Bettina Rheims nous montre un peu d’elle à travers cette exposition mais elle ne donne pas toutes les clés. A nous de les trouver, seuls ses proches savent, nous, devons deviner. Mais on ne peut s’empêcher de contempler son travail frisant la perfection, sa maîtrise des ombres et de sa part d’ombre, ses mises en lumière et ses obsessions. La photographe nous prouve qu’elle est bien « une photographe de la peau » comme elle le dit elle-même. Ancien mannequin devenue photographe, elle met les autres femmes à nu à travers son objectif, les dévoilant alors dans leur plus grande intimité.
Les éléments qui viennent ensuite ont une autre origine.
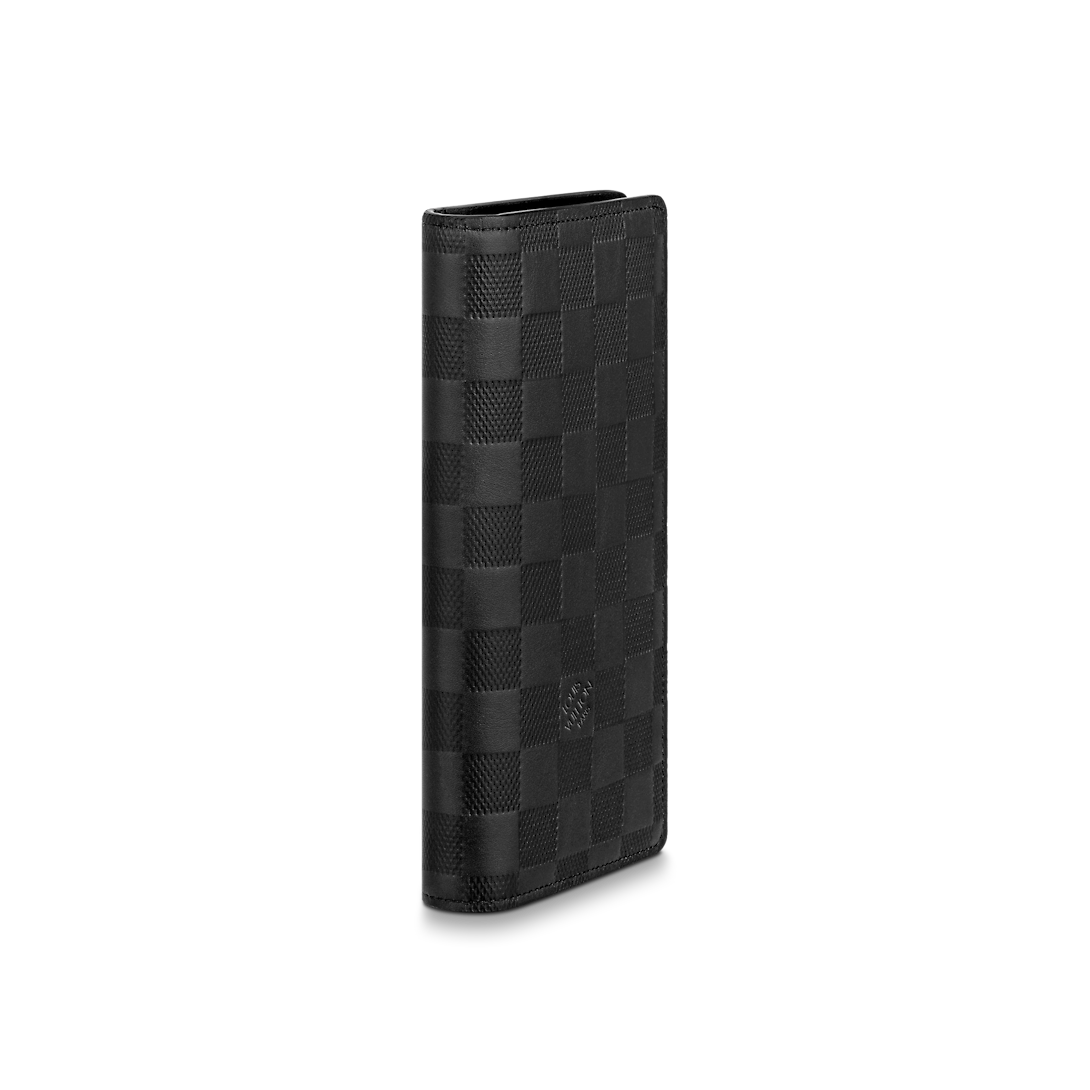 Brazza Wallet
Son alter ego Serge Bramly est écrivain, scénariste, critique gastronomique et critique d’art, en particulier de photographie, pour de nombreux magazines. Il a collaboré à maintes reprises avec Bettina sur ses précédents projets.
On ne peut que s’incliner devant leur travail et partir nous aussi à la recherche de Rose…..
Crédit photos : © Bettina Rheims.Courtesy Galerie Jérôme de Noirmont, Paris
BnF – site Richelieu,
Galerie de Photographie, 3-5, rue Vivienne. 75002 Paris.
Du mardi au samedi de 10h à 19h, Dimanche de 12h à 19h
Fermé lundi et jours fériés.
Entrée : 7 € , Tarif réduit : 5 €
Marie-Odile Radom
2 comments
L’expo est formidable et m’a donné envie de connaitre cette photographe. je ne connaissais que la photo de Chirac (!) alors qu’en fait il y en a plein d’autres…
http://www.bettinarheims.com
Ravie que l’expo vous aies plu. Bettina Rheims est mal connue du grand public plutôt que méconnue. Son style provocant fait qu’elle est peu médiatisée. Mais l’exposition de la BNF lui permet d’enfin se faire connaître à plus grande échelle.